1. Field of the Invention
The present invention relates to the design of computer systems. More specifically, the present invention relates to a technique that facilitates performing very large transactions within a transactional memory system.
2. Related Art
A key problem in implementing transactional memory is the problem of buffering either the new or the old values of memory locations which are written to during the transaction. During the execution of a transaction, it is unknown whether or not the transaction will commit or fail (for example, due to resource limitations or memory conflicts). As a result, existing transactional memory designs buffer store values (in a store buffer or a cache) without overwriting copies of the old values. Alternatively, they can buffer the old values and prevent other threads from seeing the new values. In both alternatives the new values are not visible to other threads until the transaction commits, at which point the new values are made visible, or until the transaction fails, at which point the old values are restored.

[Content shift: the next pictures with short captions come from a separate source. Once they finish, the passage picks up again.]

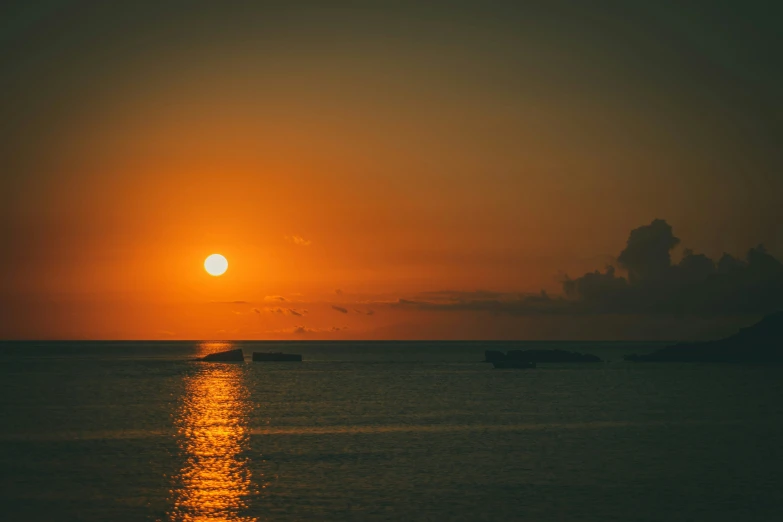 a boat is sailing into the sunset or sunrise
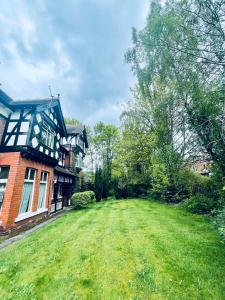 a large yard in front of a house at A wonderful room in Sale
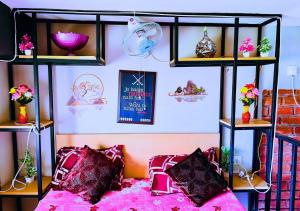 una camera da letto con un letto rosa e scaffali con fiori di Spatii Apartment a Rishikesh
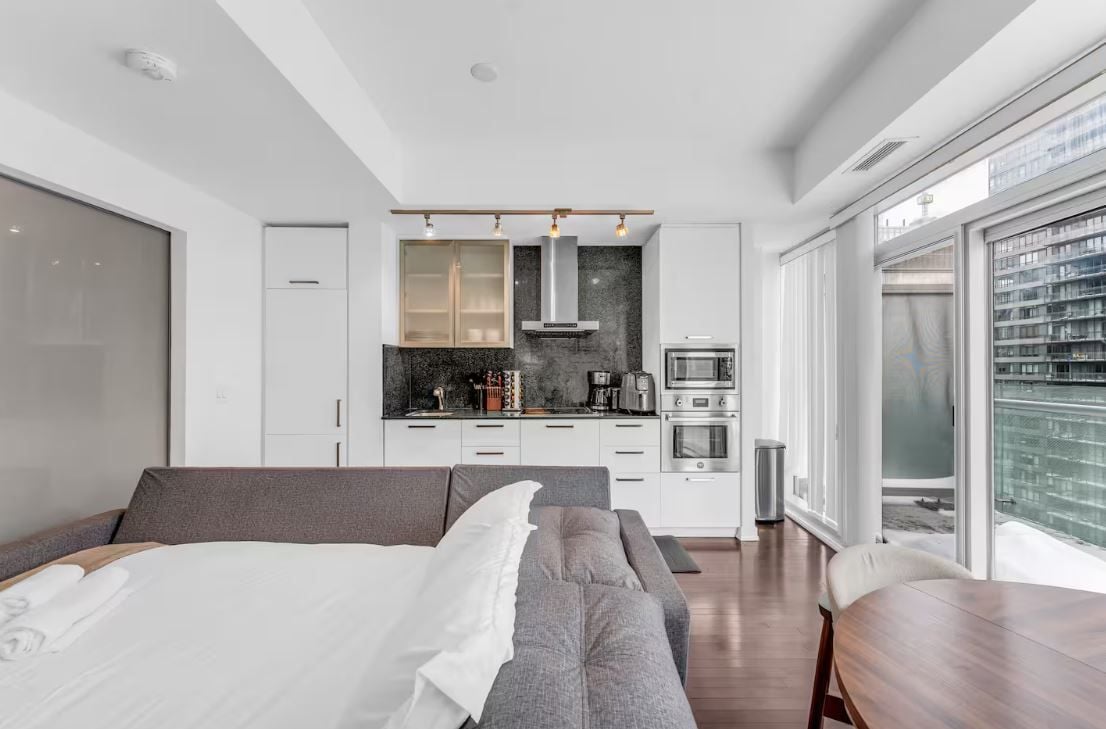 A modern hotel room with a large bed, a sofa, a dining table, and a kitchenette.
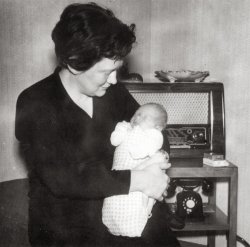 My mom with my brother in 1957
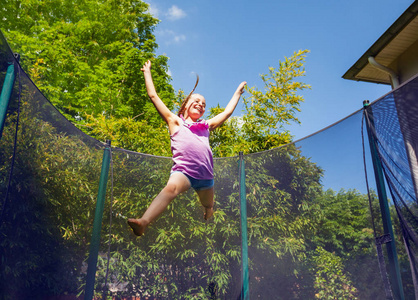 夏天,青春期少女在户外蹦床上蹦蹦跳跳的低角度肖像画照片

For example, the UTM protocol proposed by Ananian et al. buffers the old values in a data structure stored in memory (see C. S. Ananian, K. Asanovi´c, B. Kuszmaul, C. Leiserson, and S. Lie, Unbounded Transactional Memory, Proceedings of the 11th International Symposium on High-Performance Computer Architecture (HPCA '05), 2005). Similarly, the LogTM protocol proposed by Moore et al., buffers new values in a private cache, and when this cache overflows, buffers old values of the overflowed cache lines in a data structure stored in memory (see K. Moore, J. Bobba, M. Moravan, M. Hill & D. Wood, LogTM: Log-based Transactional Memory, 12th Annual International Symposium on High Performance Computer Architecture (HPCA-12), 2006). Moreover, the transactional memory protocol described in a pending U.S. patent application entitled “Facilitating Efficient Transactional Memory and Atomic Operations via Cache Line Marking,” by the same inventors as the instant application, having Ser. No. 11/655,569, and filing date 18 Jan. 2007 buffers new values (i.e., values stored during a transaction) in a store queue.
Unfortunately, data structures such as store queues or buffers are necessarily bounded in size. Hence, requiring that all of a transaction's store operations fit into such a data structure limits the size of transactions that can be executed.
Hence, what is needed is a processor that supports transactional execution without the above-described limitations.